From the records below, please return each line that holds the word "Faux".
Data shown Block Start
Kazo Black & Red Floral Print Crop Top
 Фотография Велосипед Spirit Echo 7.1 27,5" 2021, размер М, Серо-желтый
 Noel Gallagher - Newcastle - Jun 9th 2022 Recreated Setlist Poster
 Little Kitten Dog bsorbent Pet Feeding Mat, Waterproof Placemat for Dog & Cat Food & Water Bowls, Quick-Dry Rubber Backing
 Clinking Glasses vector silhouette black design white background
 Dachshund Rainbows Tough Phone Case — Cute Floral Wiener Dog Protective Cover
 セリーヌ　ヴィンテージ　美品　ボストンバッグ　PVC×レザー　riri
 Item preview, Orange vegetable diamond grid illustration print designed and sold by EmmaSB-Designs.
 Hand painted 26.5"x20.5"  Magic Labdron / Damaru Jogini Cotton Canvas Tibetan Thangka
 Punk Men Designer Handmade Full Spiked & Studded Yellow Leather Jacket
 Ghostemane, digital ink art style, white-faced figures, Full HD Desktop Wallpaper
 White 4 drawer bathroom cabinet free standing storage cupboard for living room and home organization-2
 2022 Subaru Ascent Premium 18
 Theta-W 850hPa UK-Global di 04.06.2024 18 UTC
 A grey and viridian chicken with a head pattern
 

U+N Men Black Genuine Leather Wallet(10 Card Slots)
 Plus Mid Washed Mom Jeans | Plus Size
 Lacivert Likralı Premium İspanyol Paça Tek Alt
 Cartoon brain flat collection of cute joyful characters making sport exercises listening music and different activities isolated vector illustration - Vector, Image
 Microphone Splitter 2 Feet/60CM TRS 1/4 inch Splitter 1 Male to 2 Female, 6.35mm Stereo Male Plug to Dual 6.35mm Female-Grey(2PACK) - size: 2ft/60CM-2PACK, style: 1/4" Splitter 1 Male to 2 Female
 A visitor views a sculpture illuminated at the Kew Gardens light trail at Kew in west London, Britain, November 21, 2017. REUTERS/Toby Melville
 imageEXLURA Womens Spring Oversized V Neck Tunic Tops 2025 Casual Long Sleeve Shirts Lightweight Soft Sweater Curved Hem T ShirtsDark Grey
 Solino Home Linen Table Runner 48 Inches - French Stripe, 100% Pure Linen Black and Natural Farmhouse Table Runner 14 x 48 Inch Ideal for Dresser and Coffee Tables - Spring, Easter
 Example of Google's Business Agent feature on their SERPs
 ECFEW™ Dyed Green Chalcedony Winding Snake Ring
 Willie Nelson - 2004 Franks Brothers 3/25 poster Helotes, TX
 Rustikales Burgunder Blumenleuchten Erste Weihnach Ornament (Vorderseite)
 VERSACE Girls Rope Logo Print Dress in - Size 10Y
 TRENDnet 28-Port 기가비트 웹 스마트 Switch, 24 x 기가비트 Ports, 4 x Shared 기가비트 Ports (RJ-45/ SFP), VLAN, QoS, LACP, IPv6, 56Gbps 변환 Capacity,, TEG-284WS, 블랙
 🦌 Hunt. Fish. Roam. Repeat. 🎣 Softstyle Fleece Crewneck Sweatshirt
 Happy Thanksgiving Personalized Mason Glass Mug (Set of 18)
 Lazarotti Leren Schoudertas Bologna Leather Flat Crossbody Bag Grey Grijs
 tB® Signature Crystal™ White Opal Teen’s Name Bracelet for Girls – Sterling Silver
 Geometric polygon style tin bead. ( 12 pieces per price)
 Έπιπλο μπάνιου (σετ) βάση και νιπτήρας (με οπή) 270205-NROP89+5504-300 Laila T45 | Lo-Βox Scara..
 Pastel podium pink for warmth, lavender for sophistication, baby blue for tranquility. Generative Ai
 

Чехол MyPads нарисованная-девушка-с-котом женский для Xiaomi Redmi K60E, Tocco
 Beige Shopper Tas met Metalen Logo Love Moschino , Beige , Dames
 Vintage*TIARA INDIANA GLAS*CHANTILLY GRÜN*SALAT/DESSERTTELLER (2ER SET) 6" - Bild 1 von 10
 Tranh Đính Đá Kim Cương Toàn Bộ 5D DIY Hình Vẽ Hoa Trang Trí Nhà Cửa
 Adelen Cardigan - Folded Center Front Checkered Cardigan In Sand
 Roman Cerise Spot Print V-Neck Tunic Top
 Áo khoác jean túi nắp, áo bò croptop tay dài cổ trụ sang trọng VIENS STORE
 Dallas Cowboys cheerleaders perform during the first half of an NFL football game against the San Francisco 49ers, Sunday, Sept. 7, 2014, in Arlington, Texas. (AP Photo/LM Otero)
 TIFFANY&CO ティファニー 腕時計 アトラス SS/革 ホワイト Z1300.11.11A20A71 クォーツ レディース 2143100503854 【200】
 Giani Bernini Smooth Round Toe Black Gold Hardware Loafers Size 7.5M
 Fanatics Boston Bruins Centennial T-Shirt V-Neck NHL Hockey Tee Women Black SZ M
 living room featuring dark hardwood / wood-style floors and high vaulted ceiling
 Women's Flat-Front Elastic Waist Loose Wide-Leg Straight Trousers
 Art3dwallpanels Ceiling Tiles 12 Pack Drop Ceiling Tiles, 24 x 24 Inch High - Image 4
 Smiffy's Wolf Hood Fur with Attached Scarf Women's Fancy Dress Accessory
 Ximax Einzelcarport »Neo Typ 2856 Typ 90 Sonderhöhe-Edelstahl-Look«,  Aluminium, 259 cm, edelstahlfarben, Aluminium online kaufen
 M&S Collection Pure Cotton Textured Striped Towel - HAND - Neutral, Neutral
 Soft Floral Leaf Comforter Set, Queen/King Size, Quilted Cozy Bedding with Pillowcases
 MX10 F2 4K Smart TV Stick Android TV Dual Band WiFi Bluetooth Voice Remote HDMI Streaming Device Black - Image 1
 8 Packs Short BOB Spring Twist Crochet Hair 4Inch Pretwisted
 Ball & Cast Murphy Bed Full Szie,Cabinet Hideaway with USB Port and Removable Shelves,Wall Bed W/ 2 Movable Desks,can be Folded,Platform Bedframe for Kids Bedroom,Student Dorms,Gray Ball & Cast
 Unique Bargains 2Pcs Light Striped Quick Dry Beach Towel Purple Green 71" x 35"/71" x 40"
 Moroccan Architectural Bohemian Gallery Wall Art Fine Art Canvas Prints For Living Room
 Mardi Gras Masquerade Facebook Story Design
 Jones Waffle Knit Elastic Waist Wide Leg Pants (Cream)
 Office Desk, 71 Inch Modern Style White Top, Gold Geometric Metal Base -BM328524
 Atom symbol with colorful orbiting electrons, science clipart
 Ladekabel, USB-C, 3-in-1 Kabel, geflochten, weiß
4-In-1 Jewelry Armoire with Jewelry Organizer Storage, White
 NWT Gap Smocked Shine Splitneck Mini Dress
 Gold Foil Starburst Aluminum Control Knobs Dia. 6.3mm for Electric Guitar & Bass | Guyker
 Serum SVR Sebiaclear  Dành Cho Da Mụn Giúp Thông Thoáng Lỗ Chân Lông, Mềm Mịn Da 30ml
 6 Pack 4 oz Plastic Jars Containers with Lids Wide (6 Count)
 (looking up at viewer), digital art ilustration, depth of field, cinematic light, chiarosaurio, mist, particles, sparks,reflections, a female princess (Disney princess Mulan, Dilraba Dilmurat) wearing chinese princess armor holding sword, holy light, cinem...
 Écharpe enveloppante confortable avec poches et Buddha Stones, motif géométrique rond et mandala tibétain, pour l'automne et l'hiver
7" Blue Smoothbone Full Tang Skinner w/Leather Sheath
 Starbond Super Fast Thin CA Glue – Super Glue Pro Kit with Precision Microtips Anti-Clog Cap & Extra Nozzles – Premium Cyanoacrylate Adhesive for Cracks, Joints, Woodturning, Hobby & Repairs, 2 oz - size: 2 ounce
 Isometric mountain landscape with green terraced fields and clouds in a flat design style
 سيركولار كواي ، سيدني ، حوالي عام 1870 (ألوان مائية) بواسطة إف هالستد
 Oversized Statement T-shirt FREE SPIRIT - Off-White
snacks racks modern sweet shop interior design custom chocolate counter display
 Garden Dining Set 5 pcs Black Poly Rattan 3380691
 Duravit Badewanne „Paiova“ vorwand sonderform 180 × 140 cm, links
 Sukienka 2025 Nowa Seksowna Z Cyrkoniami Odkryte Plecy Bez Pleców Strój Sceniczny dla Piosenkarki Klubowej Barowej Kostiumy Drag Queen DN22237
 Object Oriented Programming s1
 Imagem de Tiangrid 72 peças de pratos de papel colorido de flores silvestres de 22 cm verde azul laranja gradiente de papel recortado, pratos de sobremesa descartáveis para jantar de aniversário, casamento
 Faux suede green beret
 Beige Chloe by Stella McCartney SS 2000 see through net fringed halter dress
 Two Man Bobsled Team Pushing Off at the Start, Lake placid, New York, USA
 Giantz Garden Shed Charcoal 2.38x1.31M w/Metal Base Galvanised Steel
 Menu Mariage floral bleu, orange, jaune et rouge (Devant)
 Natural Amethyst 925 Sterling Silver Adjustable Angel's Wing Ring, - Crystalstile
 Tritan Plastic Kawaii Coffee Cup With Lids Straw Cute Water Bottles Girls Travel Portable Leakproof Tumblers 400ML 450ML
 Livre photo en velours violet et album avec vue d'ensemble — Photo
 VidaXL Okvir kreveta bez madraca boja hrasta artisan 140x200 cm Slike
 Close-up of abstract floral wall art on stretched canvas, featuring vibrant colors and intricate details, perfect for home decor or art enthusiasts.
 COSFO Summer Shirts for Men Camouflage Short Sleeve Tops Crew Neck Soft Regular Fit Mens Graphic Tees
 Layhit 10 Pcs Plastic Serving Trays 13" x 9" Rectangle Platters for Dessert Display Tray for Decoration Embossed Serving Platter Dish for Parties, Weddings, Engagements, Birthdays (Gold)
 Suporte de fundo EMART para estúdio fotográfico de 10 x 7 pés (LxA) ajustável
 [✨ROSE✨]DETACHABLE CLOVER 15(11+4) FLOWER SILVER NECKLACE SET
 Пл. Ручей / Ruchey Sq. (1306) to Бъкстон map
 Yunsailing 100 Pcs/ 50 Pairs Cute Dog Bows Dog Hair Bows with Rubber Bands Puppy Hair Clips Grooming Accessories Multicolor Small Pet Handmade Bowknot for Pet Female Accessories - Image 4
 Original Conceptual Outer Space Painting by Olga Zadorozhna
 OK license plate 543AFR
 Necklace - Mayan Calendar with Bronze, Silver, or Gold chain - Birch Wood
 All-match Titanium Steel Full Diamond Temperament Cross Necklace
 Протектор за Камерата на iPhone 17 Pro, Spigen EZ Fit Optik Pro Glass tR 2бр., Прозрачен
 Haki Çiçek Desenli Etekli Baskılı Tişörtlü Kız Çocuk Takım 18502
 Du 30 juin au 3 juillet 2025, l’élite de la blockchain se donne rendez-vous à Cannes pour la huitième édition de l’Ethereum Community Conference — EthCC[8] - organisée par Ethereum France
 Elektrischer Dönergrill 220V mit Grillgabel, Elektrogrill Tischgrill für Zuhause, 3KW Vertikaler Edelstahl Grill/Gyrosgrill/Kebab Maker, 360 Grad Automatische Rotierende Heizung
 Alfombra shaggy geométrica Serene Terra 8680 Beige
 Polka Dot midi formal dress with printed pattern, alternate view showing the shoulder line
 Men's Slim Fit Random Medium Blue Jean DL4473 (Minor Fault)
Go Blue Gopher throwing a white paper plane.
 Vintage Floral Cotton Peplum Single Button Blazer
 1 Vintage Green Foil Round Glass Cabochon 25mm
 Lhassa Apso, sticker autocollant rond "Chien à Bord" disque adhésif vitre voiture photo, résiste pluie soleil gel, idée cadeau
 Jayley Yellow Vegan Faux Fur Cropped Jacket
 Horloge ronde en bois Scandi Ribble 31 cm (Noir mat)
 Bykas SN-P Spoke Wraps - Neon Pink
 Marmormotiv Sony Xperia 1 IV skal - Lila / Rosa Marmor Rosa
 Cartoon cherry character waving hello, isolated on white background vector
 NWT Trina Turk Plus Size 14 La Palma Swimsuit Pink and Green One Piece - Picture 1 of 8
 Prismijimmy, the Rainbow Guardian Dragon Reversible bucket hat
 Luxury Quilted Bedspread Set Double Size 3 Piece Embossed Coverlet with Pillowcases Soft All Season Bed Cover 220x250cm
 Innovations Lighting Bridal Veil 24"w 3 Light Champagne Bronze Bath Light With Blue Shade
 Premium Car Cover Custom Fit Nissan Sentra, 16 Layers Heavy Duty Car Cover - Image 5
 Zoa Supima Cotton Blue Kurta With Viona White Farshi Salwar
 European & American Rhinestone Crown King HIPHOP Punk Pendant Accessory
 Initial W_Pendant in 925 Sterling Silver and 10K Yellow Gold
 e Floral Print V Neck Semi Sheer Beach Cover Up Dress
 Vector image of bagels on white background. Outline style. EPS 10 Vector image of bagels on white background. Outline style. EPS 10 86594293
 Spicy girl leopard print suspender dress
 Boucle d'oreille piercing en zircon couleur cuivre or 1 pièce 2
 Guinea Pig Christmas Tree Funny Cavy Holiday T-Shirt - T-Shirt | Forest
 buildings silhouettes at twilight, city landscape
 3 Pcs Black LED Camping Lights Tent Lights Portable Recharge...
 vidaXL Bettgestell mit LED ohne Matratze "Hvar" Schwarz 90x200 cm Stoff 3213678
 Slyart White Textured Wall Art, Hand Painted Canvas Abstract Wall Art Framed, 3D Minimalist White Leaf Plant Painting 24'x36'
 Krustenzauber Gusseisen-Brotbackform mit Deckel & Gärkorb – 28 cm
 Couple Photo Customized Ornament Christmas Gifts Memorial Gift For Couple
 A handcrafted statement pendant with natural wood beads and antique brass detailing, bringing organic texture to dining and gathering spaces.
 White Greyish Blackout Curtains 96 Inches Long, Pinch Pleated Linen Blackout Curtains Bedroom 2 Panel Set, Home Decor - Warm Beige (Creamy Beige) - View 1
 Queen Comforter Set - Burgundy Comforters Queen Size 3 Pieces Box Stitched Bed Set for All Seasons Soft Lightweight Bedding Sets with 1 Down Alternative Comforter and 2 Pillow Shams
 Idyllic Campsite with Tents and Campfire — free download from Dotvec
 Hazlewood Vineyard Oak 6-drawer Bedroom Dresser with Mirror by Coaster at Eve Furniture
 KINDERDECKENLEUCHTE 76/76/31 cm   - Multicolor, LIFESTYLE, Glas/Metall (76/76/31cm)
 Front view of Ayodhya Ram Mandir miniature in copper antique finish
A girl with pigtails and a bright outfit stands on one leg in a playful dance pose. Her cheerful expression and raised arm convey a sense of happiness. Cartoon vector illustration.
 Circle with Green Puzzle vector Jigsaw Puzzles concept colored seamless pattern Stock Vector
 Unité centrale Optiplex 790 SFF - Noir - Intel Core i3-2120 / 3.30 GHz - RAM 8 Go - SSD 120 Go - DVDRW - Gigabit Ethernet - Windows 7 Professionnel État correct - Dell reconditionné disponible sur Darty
Data shown Block End
[Answer box]
 Faux suede green beret
 Jayley Yellow Vegan Faux Fur Cropped Jacket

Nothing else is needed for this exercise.